Es war eine Reise die angefüllt war mit Freude, Herzlichkeit, unglaublich schönen Begegnungen und Erlebnissen. Das Ergebnis, ein randvoll gefülltes Glas! Danke!!!



Paris 2015

"Sehr gelungene Reise mit einer sehr kompetenten und engagierten Reiseleitung."



Rom 2014
"Die Reise war sehr eindrucksvoll, erlebnisreich und schön. Durch Herrn Magino sehr gut geführt."



Sardinien 2013
"Ich habe mich noch nie so gut von der Reiseleitung versorgt gefühlt."



Mallorca 2012

Auf dieser Reise hat alles gestimmt: die beeindruckende Landschaft von Meer und Gebirge, alte Städte und Kirchen, abwechslungsreiches Programm, gute Leiter, angenehme Gruppe, gutes Wetter.


Leserreise des Katholischen Sonntagsblattes
Jakobsweg von Biberach bis Weingarten
Leserreise vom 07.-09. September 2016
Entsprechend der erhaltenen Teilnehmerliste waren wir gespannt, die 17 anderen Teilnehmer für die dreitägige Pilgerwanderung mit dem Katholischen Sonntagsblatt kennen zu lernen. Einige der rucksackbepackten Teilnehmer fanden sich zunächst an der Rückseite der Martinskirche in Biberach ein. Gegen 11 Uhr trafen sich dann alle Teilnehmer vor dem Eingangsportal der Kirche und machten sich bekannt. Der für den erkrankten Pilgerführer Georg Bogusch kurzfristig eingesprungene Roland Scheuch stellte sich vor und machte in der Kirche eine kurze Einführung in die Geschichte der Simultankirche St. Martin und erklärte den vorgesehenen Ablauf der nächsten Pilgertage. Dann ging es los.

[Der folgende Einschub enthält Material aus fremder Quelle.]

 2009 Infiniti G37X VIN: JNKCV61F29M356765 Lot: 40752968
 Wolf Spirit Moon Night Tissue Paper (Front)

Durch den belebten Marktplatz – es war Markttag – fand unser Pilgerführer schnell den Weg hinaus zur Stadt. Dieser führte uns dem Bach entlang durch das wiesenbestandene Wolfenbachtal. Bei strahlendem Sonnenschein erreichten wir den Ortsteil Reute. Die erste Rast nutzten wir für eine Besichtigung der dortigen Nikolauskirche. Eine für die Gegend eher unübliche Glockenmauer statt eines Turmes fand unsere Aufmerksamkeit. Weiter führte der Weg nach Muttensweiler zur renovierten Jakobuskirche mit mehreren Darstellungen des Hl. Jakobus. Das Ziel der letzten Etappe des ersten Tages war der Schussenrieder Ortsteil Steinhausen. Pünktlich zum vorgesehenen Zeitpunkt erreichten wir die berühmte Wallfahrtskirche St. Peter und Paul. Von der Kirchenführerin wurde uns die ganz außergewöhnliche Rokkokokirche (1728-32) der Brüder Dominikus und Johann-Baptist Zimmermann näher gebracht und viele versteckte Besonderheiten gezeigt und erklärt. Man kommt aus dem Staunen nicht heraus, ein wunderbares Werk seiner Zeit!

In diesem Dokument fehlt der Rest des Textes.